Syarat perkawinan dibagi menjadi dua (2) yaitu:
a.       Syarat materiil
Adalah syarat yang melekat pada diri pihak-pihak yang melangsungkan perkawinan, dan disebut juga syarat subyektif.
b.       Syarat formal
Adalah tata cara atau prosedur melangsungkan perkawinan menurut agama dan undang-undang, disebut juga syarat obyektif.


Ad. 1. Syarat Materiil
Syarat-syarat perkawinan yang harus dipenuhi berdasarkan ketentuan Undang-Undang No. 1 Tahun 1974 seperti yang diatur dalam pasal 6 sampai dengan Pasal 12 adalah sebagai berikut:
1)     Adanya Persetujuan kedua calon mempelai (Pasal 6 ayat 1);
2)     Adanya izin kedua orangtua atau wali bagi calon mempelai yang belum berusia 21 tahun (Pasal 6 ayat 2);
3)     Usia calon mempelai pria sudah 19 tahun dan calon mempelai wanita sudah mencapai 16 tahun, kecuali ada dispensasi dari pengadilan (Pasal 7);
4)     Antara calon mempelai pria dan calon mempelai wanita tidak dalam hubungan keluarga atau darah yang tidak boleh kawin (Pasal 8);
5)     Calon mempelai wanita tidak dalam ikatan perkawinan dengan pihak lain dan calon mempelai pria juga tidak dalam ikatan perkawinan dengan pihak lain, kecuali telah mendapat izin dari pengadilan untuk poligami (Pasal 9);
6)     Bagi suami istri yang telah bercerai, lalu kawin lagi, agama dan kepercayaan mereka tidak melarang kawin kembali (untuk ketiga kalinya) (Pasal 10);
7)     Tidak dalam waktu tunggu bagi calon mempelai wanita yang berstatus janda (Pasal 11);
Syarat-syarat tersebut dapat dijelaskan sebagai berikut:
1)     Persetujuan kedua mempelai, didalam pasal 6 Undang-undang Nomor 1 Tahun 1974 ditentukan bahwa perkawinan harus didasarkan atas persetujuan kedua calon mempelai.
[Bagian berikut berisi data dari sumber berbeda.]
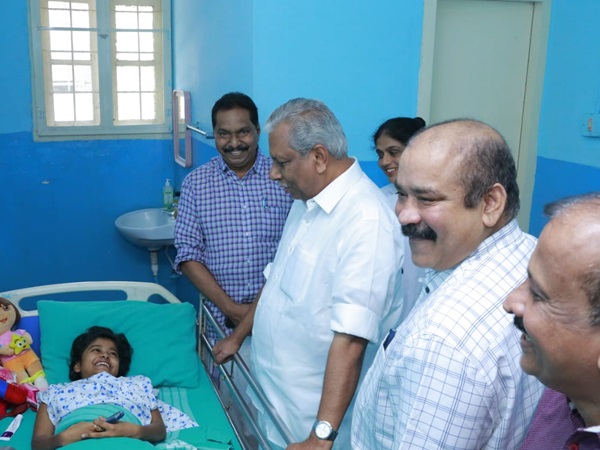 ഹനാനെ കാണാൻ മന്ത്രി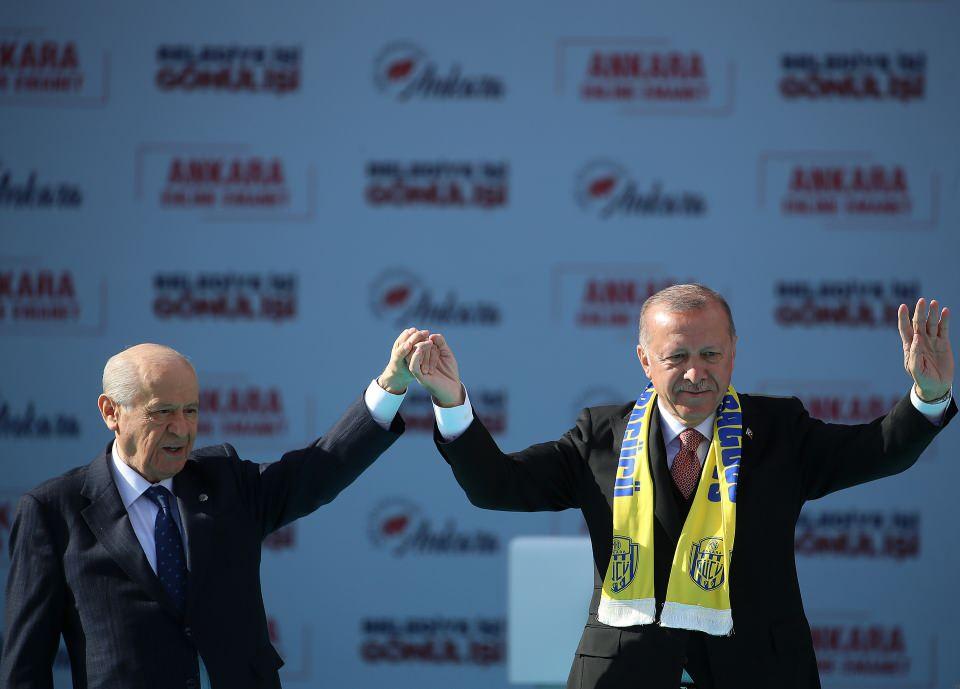 <p>Cumhurbaşkanı ve AK Parti Genel Başkanı Recep Tayyip Erdoğan (sağda) ile MHP Genel Başkanı Devlet Bahçeli (solda), 23 Mart 2019'da Atatürk Kültür Merkezi Hipodrom'da gerçekleştirilen Cumhur İttifakı'nın Büyük Ankara Mitingi'nde vatandaşları selamlamıştı.</p>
Persetujuan disini adalah perkawinan itu harus dilaksanakan berdasarkan kehendak bebas dari calon mempelai pria dan wanita tanpa paksaan agar perkawinan itu dapat bahagia dan kekal karena calon pengantin itu memilih pasangannya dengan kehendaknya sendiri sehingga tujuan dari perkawinan yang bahagia dan kekal itu dapat terwujud.
Hendaknya persetujuan untuk melangsungkan perkawinan itu adalah sesuatu yang murni, yang betul-betul tercetus dari hati para calon mempelai itu sendiri, bukan secara berpura-pura atau hasil dari suatu paksaan.[1]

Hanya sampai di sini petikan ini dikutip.